Output the full listing below exactly; the images stay out.

» COLLECTED DATA:
..............................
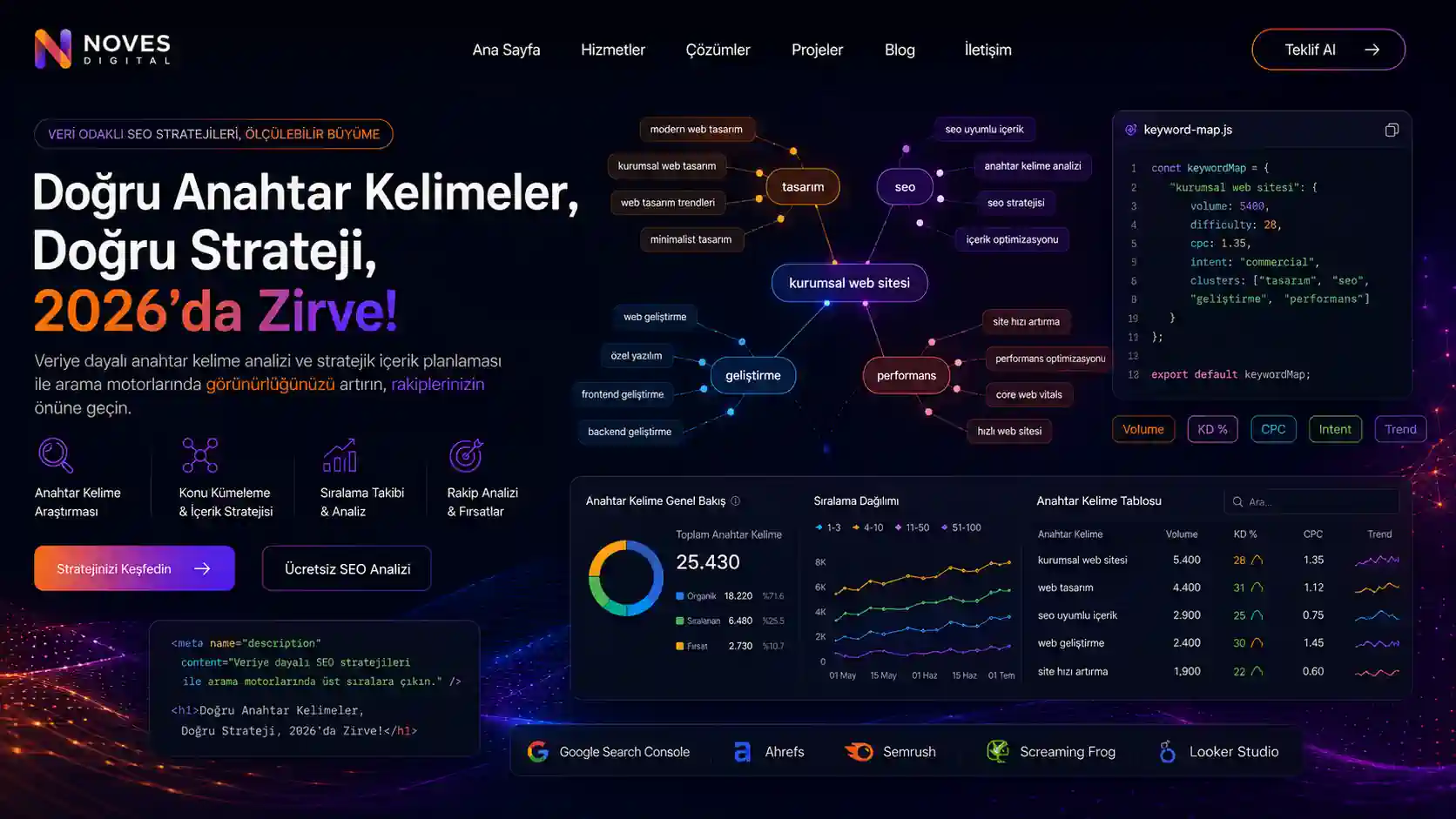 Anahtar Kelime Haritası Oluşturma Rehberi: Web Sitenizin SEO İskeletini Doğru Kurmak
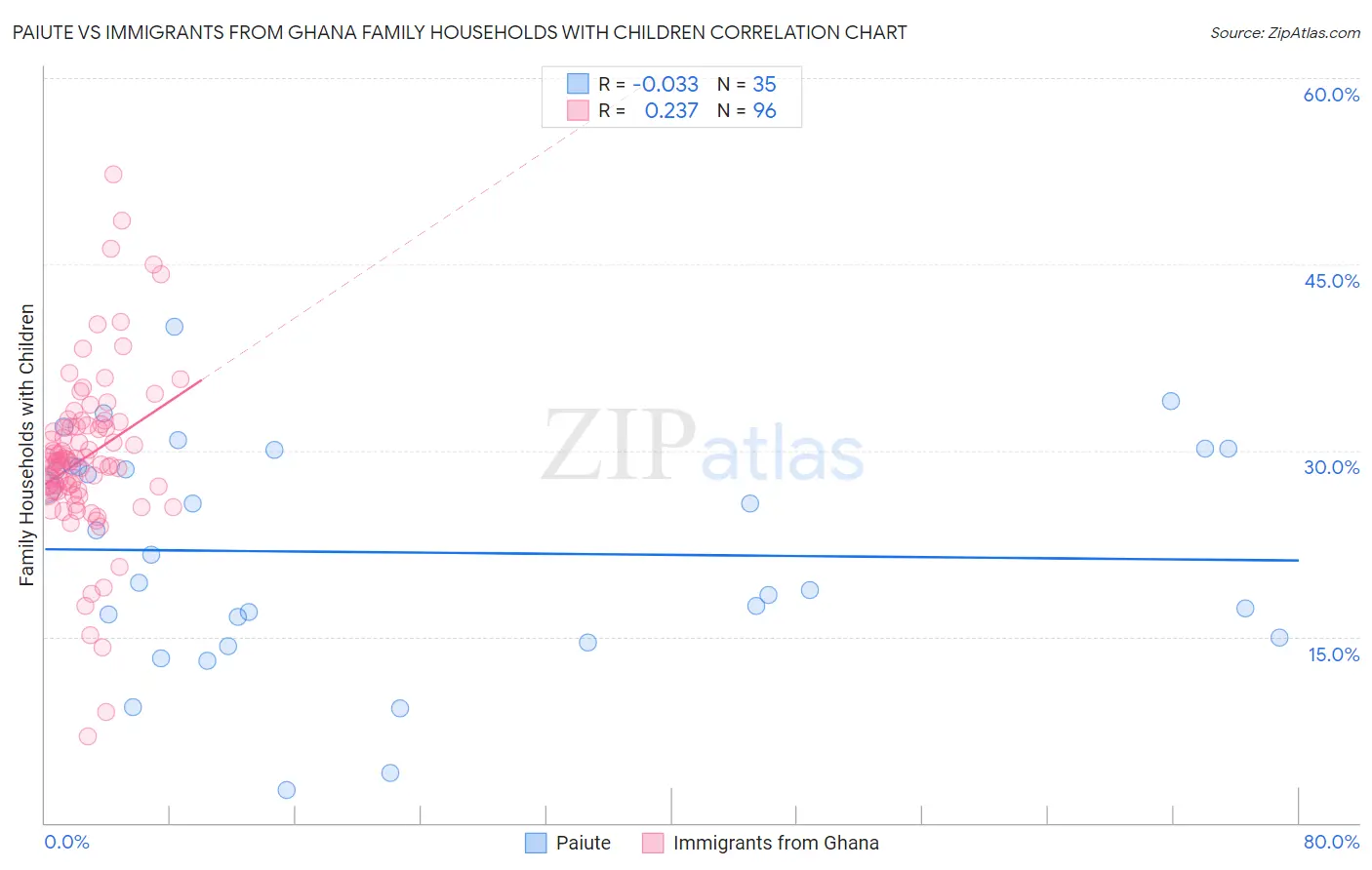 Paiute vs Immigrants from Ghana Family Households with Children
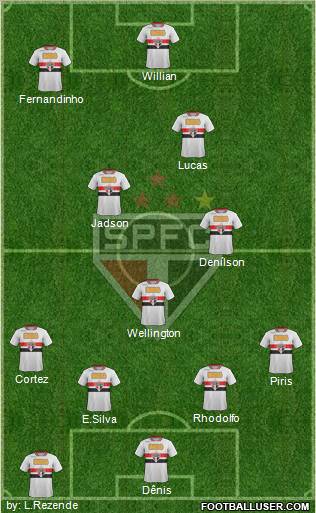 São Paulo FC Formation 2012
..............................
» SOLUTION TO THIS TASK:
 Anahtar Kelime Haritası Oluşturma Rehberi: Web Sitenizin SEO İskeletini Doğru Kurmak
 Paiute vs Immigrants from Ghana Family Households with Children
 São Paulo FC Formation 2012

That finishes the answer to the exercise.